Editors’ Weekly News Roundup, Nov 28th – Dec 2nd
The best-read Connect CRE stories in the week following Thanksgiving each illustrate larger, ongoing trends. This past week’s top story, CREFC Sees Uptick in CMBS Delinquencies, Special Servicing, details the CRE Finance Council’s prediction that the environment for CMBS loans could become more volatile in the coming months.
Since the onset of the pandemic and the short but steep economic downturn it precipitated, the delinquency rate for CMBS loans has actually declined on a monthly basis for most of the past two-plus years, and the larger forecast of a new wave of distressed assets hasn’t panned out yet. That may be changing soon, CREFC warns, given the “challenging macro environment” for commercial real estate finance.

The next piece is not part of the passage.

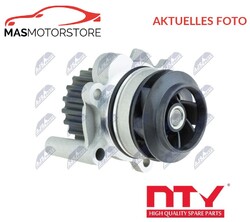 MOTOR KÜHLWASSERPUMPE WASSERPUMPE NTY CPW-VW-051 V FÜR BMW 1,3,F20,F21,F80,F31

Even as the office sector has arguably become the most challenged of the major commercial property types, development continues, especially in Sun Belt markets. That’s even more true when you consider that New York City-based companies have been increasing their presence in warmer climes, as in this week’s second best-read story, Hunt Realty to Spend $500M on Goldman Sachs Dallas Offices. The new development, part of a mixed-use project in Dallas’ North End, will house about 5,000 Goldman employees.

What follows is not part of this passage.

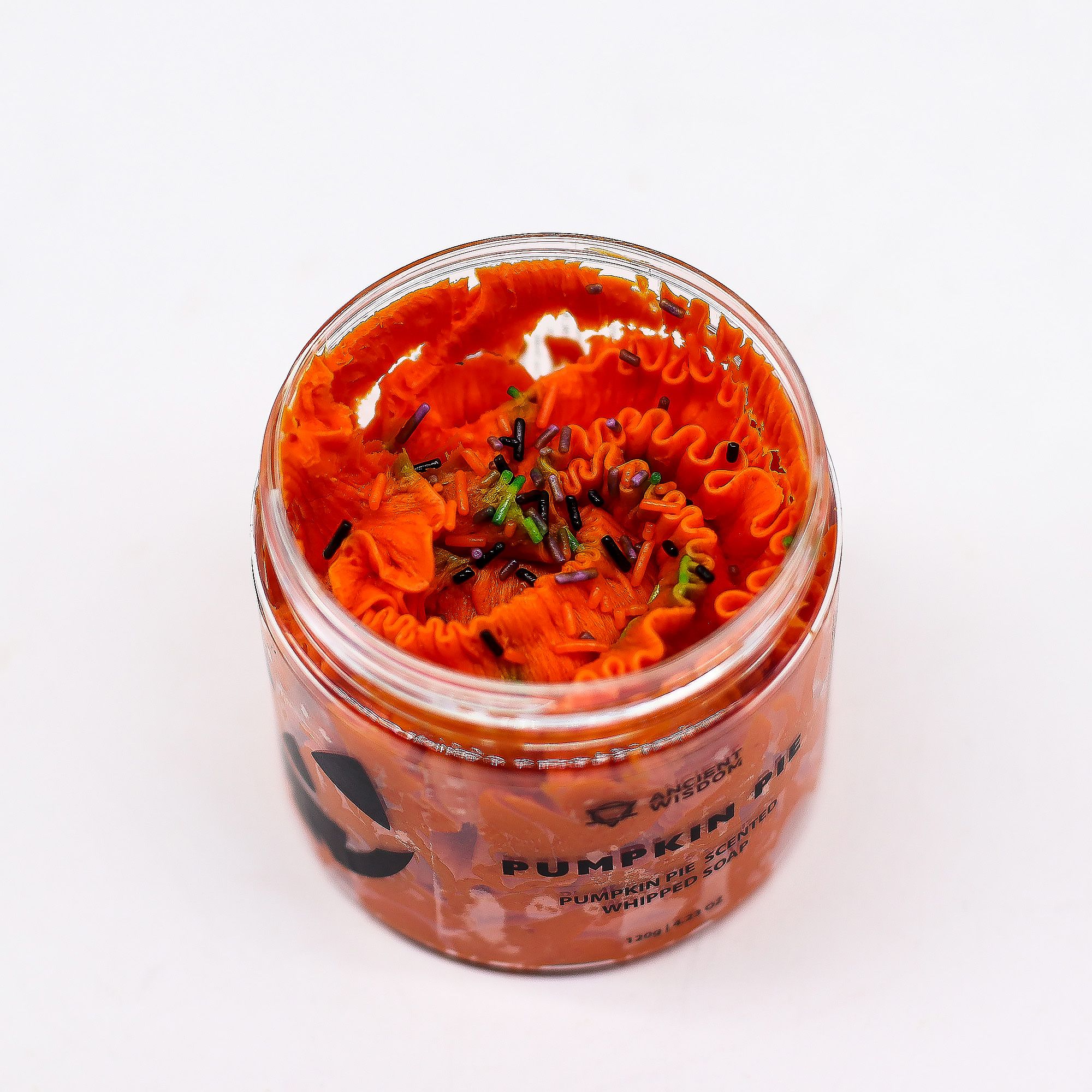 Pumpapaj Vispad Tvål 120g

Although California remains the nation’s most populous state and the world’s fifth largest economy, one reason frequently cited for corporations to relocate from the Golden State to the Sun Belt is the high cost of living. It’s a point made by California Claims 70% of the Priciest Zips in USA, this past week’s third most-read story.
In particular, 46 of those expensive zip codes are located in the Bay Area, although four of the nation’s five fastest-growing zip codes for home price appreciation are in Southern California, according to PropertyShark. Second-place New York State has to make do with just 17 entries in PropertyShark’s roster.
The affordability challenge for single-family homebuyers has helped propel the popularity of the single-family rental sector, bringing it into widespread favor among institutional investors. Two of these investors, the Carlyle Group and Banyan Residential, have teamed up for a build-to-rent acquisition in the hot market of Phoenix. Last week’s fourth best-read story, Phoenix BTR Community Fetches $511,000 Per Unit, has all the details.
On the subject of affordability, BMO Harris Bank has made financing of affordable housing a pillar of its massive pledge to invest in communities. The lead article on the Chicago page this past week and our fifth most-read story overall, BMO Commits $40 Billion to Community Investment, describes the bank’s plans to encourage the development of small businesses in low-to-moderate income communities as well as home ownership. More than a third of that commitment will go to California, where BMO Harris will have an expanded footprint after its acquisition of Bank of the West closes.